Poco più di tre anni fa
mi ero recato a Parigi con una mia ex-allieva, che desiderava conoscere di
persona Padre Chenu. Io ero alquanto perplesso a recarmi con una donna nella
stanza di un frate, ma quando gli telefonai mi rispose che non vi erano problemi:
giunti che fummo, abbracciò prima me e poi lei, come se fosse stata una vecchia
conoscenza, e poi rispose con molta affabilità a tutte le sue domande. Sono
rimasto impressionato di questa sua semplicità di cuore e da questa assenza di
pregiudizi sessuali.
La vista gli si
indeboliva sempre di più ed aumentavano i dolori alle gambe, che lo
costringevano ad una quasi totale immobilità. L’anno seguente la mia visita fu
più breve del solito; l’anno scorso era ancora peggiorato, anche a causa di una
bronchite, e mi dovetti accontentare di parlargli al telefono. Mi riproponevo
comunque di rivederlo ancora, anche se non potevo ignorare che aveva gli anni -
se non i giorni - contati. Mi ricordo di quanto mi aveva detto mons.
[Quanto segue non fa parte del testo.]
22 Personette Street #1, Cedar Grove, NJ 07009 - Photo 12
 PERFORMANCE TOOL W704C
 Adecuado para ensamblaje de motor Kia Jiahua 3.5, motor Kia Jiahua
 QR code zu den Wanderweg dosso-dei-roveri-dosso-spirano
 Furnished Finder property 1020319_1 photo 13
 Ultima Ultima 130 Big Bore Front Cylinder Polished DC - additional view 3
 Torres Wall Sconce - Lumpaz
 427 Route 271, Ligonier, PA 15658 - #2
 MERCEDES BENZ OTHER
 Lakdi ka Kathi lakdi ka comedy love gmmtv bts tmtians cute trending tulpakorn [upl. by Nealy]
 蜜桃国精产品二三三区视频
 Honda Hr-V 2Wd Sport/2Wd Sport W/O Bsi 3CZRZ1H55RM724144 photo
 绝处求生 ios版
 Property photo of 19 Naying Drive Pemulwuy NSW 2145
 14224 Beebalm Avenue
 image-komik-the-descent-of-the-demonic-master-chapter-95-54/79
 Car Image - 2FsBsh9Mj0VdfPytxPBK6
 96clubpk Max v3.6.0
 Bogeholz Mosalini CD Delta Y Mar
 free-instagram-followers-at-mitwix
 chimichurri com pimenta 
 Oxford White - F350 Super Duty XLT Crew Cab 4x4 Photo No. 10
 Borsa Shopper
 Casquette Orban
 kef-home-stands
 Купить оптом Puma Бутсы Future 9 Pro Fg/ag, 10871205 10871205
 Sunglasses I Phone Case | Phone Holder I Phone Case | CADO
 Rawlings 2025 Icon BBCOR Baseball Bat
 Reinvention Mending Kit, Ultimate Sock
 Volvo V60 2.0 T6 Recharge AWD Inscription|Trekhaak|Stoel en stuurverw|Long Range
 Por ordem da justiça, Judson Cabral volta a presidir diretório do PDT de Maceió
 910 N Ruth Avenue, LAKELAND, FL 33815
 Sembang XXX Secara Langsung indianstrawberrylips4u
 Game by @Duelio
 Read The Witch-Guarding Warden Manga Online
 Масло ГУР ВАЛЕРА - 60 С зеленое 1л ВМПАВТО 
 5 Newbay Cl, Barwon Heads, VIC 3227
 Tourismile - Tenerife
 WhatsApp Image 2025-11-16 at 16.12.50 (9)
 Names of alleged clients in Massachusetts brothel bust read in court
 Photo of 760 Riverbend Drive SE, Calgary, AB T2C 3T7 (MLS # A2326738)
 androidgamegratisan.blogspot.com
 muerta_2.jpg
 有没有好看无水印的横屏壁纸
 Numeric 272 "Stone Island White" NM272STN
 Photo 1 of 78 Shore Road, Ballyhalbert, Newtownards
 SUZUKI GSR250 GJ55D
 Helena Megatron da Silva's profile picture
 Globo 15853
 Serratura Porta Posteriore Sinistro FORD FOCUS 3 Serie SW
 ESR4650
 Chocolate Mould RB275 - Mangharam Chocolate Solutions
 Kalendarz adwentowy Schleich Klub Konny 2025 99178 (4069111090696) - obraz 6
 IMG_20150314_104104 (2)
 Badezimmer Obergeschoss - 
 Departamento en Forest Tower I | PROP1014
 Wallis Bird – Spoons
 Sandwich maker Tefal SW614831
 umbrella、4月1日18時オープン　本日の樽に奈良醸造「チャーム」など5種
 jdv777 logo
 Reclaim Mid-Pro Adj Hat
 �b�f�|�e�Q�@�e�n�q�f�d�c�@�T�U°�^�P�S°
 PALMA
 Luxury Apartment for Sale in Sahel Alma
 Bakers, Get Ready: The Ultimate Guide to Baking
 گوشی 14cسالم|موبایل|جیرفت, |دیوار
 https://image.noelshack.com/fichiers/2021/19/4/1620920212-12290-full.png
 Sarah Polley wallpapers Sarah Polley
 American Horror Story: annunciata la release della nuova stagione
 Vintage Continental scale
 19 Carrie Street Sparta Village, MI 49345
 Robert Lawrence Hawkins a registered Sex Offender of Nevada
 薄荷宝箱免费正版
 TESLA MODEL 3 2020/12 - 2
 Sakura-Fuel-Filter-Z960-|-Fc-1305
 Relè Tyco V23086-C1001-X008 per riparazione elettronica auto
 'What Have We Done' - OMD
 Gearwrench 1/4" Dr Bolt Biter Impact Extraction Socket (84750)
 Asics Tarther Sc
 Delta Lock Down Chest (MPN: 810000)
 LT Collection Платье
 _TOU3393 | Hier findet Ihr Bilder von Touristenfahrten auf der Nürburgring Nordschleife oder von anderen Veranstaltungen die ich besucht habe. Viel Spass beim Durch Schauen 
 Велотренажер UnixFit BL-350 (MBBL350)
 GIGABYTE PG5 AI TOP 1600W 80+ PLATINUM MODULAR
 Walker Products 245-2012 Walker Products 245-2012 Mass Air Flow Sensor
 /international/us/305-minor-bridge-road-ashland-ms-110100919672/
Pellegrino, un mese prima della paresi che lo avrebbe costretto negli ultimi
anni ad una sopravvivenza dolorosa: "La mia vita è conclusa, ogni giorno
in più è un dono di cui ringrazio il Signore". Credo che Padre Chenu
pensasse la stessa cosa.
Mi ero ripromesso di
fare il possibile per essere presente al suo funerale. Ma una
"straordinaria malignità di fortuna" (è l’espressione che usa
Machiavelli per motivare il declino delle sorti di Cesare Borgia) ha voluto che
in quell’occasione io fossi immobilizzato per una frattura ad un piede. Mi si è
colmato l’animo di tristezza, pensando che mai più salirò in quella camera del
convento di Saint Jacques, neppure per un estremo saluto. In parte vi
sopperisce quest’articolo, ma lo sento troppo contingente, e quindi
necessariamente alquanto banale. Per questo ho pensato di integrarlo con una
"corbeille" di versi, meno legati all’attualità e pertanto più
resistenti allo scorrere del tempo e all’usura della memoria.
Ettore De Giorgis
* * * * *
"IN HOC SIGNO"
RICORDANDO P.
MARIE-DOMINIQUE CHENU
Una
croce entro il cuore -
sofferenza
fraterna con i miseri
condivisione
di lutti e di lacrime
con
chi manca dell’avere e dell’essere.
Una
croce nella memoria -
amarezza
di antichi ricordi
bufera
di incomprensioni e di offese
che
danzanti riemergono nel sonno.
Una
croce con la speranza -
unite
le due dall’intuizione
che
l’annuncio del messaggio di pace
affiora
da un sovrumano dolore.
Una
croce sulla tomba -
perché
prima di destarsi alla vita
si
devono raggiunger gli antenati
e
tutti insieme alzar le mani al cielo.